Australians embrace their madcap motorcyclist
Sydney - The fireworks on Sydney Harbour Bridge are a staple of New Year's Eve television broadcasts around the world.
The last couple of occasions the cheery scenes of exploding cordite have been backed by frightful images of expatriate motorcycle stuntman Robbie Maddison leaping to great heights.
A year ago Australians were celebrating when Maddison set a new world record with a 98-metre leap in a Las Vegas casino car park.
This week they are still agog over his latest Las Vegas midnight madness: leaping to the top of a 10-storey plywood replica of Paris's Arc de Triomphe and then dropping down the other side to complete the world's highest ever motorcycle jump.
"Robbie's had more than 13 lives and we count each day we have as a blessing," his mother Debbie told The Australian newspaper.
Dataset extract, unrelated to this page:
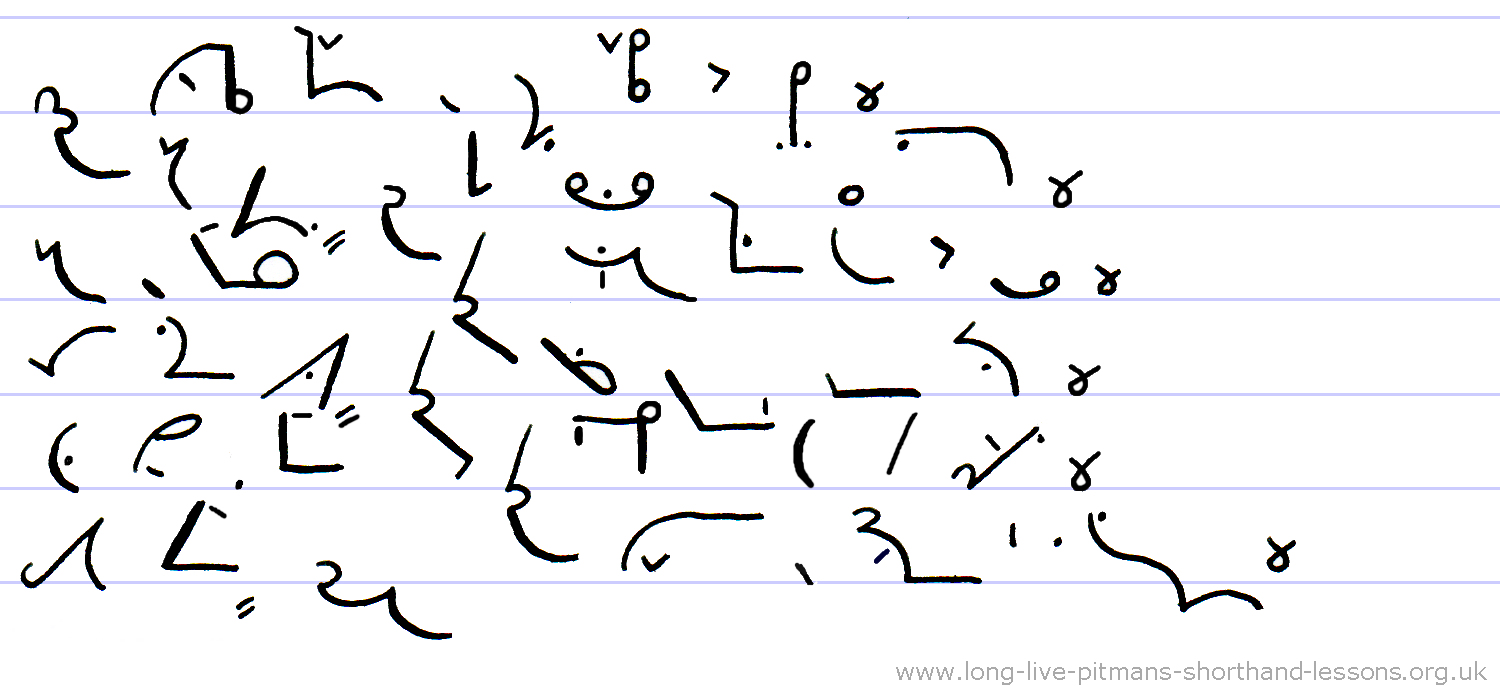 Pitman's New Era Shorthand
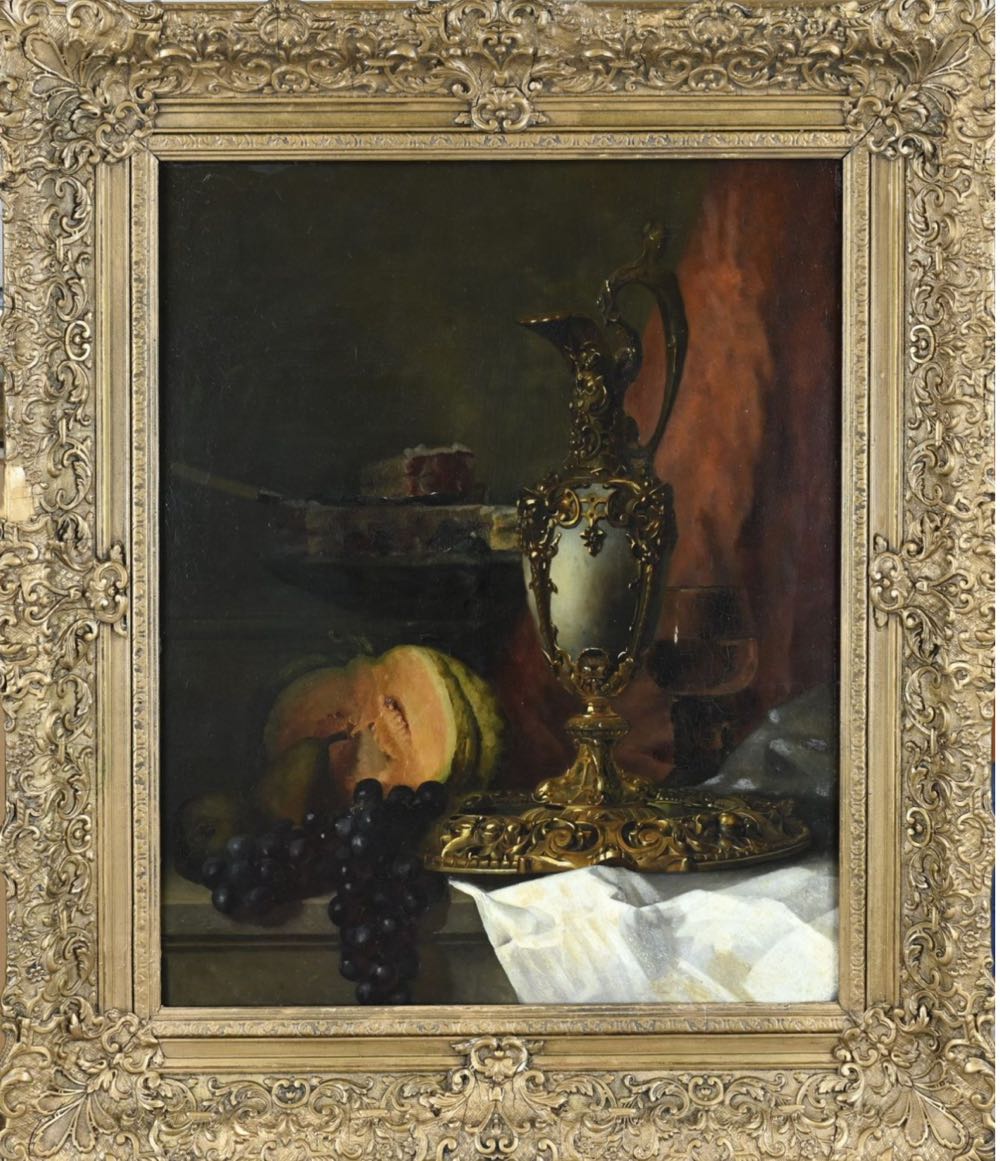 Gemälde - Unbekannt art collectible - Main Image 2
The 27-year-old professional motocross rider is well on the way to a place in the record books for personal injuries. The lad from the seaside resort of Kiama, near Sydney, has sustained a broken neck, broken collar bones, broken legs, broken vertebrae and a torn lower lip. Most of his front teeth have been knocked out and he's had a brain hemorrhage.
And there's the g-force damage to contend with when he hits the take-off ramp at speeds of up to 165 kilometres an hour.
"My eyes were flooded, and my vision was blurred on take-off," the former apprentice electrician told a Last Vegas paper last week. "If I hadn't forced myself through the g-force, I'd have been a goner."
The latest leap ended as quite a few do: in hospital. He had to have 10 stitches after his left hand tore open on impact as he completed the jump.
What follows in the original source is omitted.